Digital surpasses traditional at oOh!

oOh! Media half year results show the outdoor giant’s digital revenue growing from 44.5 per cent to 52.1 per cent, which it says is the first time digital has taken over from traditional billboards.

However, the company has 13,000 traditional billboards across Australia and New Zealand compared to its 8,000 digital billboards across Australia and New Zealand.

oOh! revenue is up 18 per cent from $146.6m at HY16 to $173m, its gross profit rose 25.1 per cent from $60.1m at HY16 to $75.3m.

Its gross profit margin expanded to 43.5 per cent up from 41 per cent in the previous year. The underlying EBITDA is up 27 per cent from $26.8m to $34m. The NPAT came in at $7.1m up 18.3 per cent from $6m.

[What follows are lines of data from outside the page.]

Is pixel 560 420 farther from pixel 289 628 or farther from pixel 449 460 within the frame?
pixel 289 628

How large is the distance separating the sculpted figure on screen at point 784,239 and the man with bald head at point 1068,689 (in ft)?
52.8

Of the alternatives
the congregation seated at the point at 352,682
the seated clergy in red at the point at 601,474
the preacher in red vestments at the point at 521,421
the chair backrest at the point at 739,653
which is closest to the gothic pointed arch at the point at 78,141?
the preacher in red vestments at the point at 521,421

During the first half of the year oOh! says it introduced 40 large format, premium-located digital screens across all products, taking the total of such screens to 230, and more than 1,800 retail small format screens.

[Related: oOh! wins SA billboard tender]

Brendon Cook, CEO of oOh! says, “oOh!’s strong performance reflects both the sector’s strength and further market share gains by oOh in its key product categories. We offer advertisers a portfolio of products who complementarity and diversity enables us to deliver strong group revenue and profit growth.

“We are executing our end-to-end digital strategy, investing to maintain our market leadership position, and continuing to deliver innovative and effective solutions for advertisers. We will also continue to explore opportunities to further strengthen and develop our new media strategy and enhance shareholder value through organic growth and acquisitions.”

oOh! says it is continuing to invest in its end-to-end digital strategy and its digital revenue penetration leads the market. As well as further digitisation of assets, initiatives during the period included investing in proprietary trading systems to harness its exclusive Quantium insights, which were recently launched to major advertisers in a successful pilot. 

The company’s divisional highlights include road and retail delivering double digit growth, locate delivering double digit growth despite the revenue growth from ECN, acquired in November being slower than anticipated and New Zealand grew its revenue by 41 per cent on a like-for-like basis, after adjusting for Westfield in-housing its media footprint.

oOh! says it remains well positioned to capitalise on growth opportunities, with net debt and underlying EBITDA at 1.7 times and well within the financial covenants of its debt facilities agreements, producing headroom to continue investing for further growth. Higher EBIDTA and improved working capital management resulted in net cash flow from operating activities increasing from $3.5m to $11.5m.